**What you have to do**: From the listing below, restate word for word the lines from the line containing "For Sale: $499,000" down through the line containing "Building Photo - 7021 Lookout Ln". Exclude pictures.

**Listed entries**:
—————

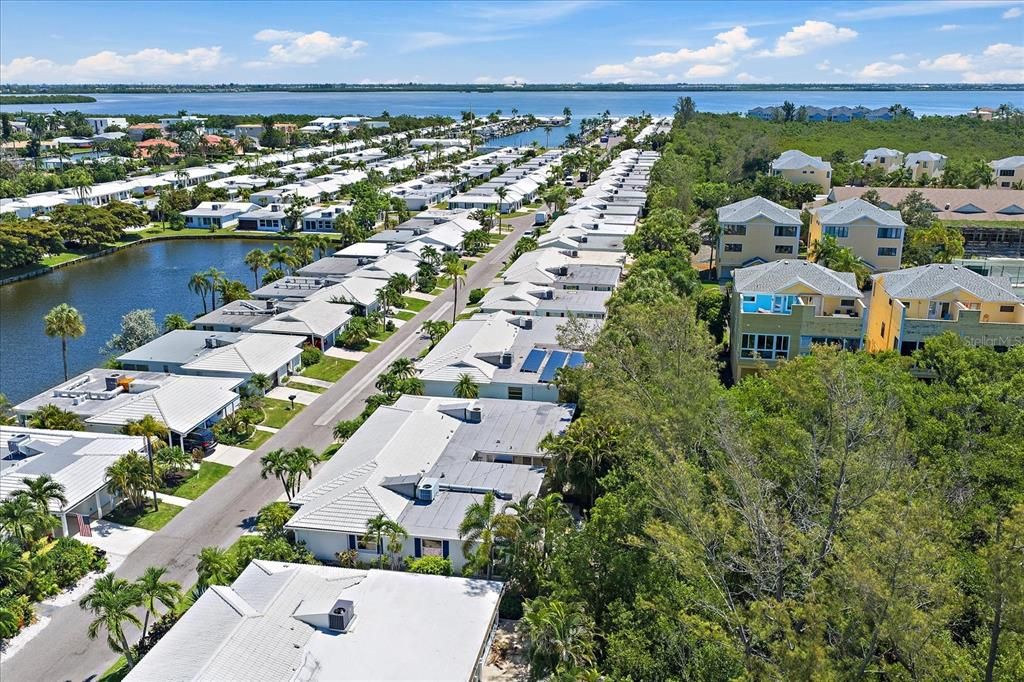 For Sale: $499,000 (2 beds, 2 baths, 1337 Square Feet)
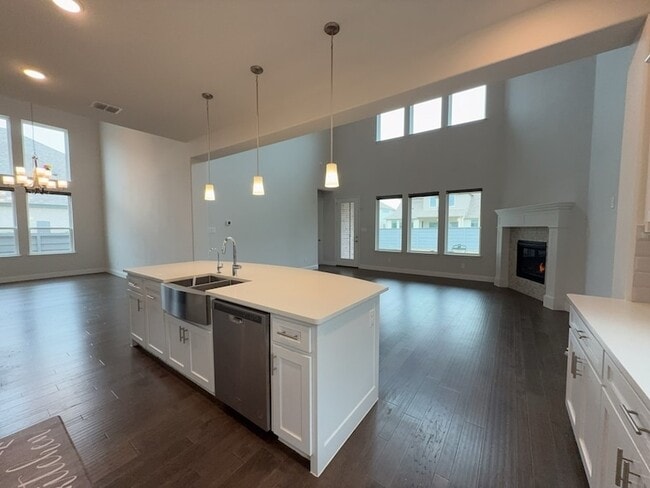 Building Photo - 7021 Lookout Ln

—————

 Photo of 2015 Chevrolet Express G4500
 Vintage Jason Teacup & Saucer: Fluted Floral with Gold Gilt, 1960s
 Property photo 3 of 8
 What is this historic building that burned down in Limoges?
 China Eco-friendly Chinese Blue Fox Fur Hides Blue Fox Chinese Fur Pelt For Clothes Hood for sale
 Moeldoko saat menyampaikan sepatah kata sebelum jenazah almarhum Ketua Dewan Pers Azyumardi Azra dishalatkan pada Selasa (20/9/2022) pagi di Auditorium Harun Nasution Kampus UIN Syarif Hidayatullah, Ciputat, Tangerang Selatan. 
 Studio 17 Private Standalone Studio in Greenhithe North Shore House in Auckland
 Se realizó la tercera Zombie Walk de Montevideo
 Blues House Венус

—————

**Answer**:
 For Sale: $499,000 (2 beds, 2 baths, 1337 Square Feet)
 Building Photo - 7021 Lookout Ln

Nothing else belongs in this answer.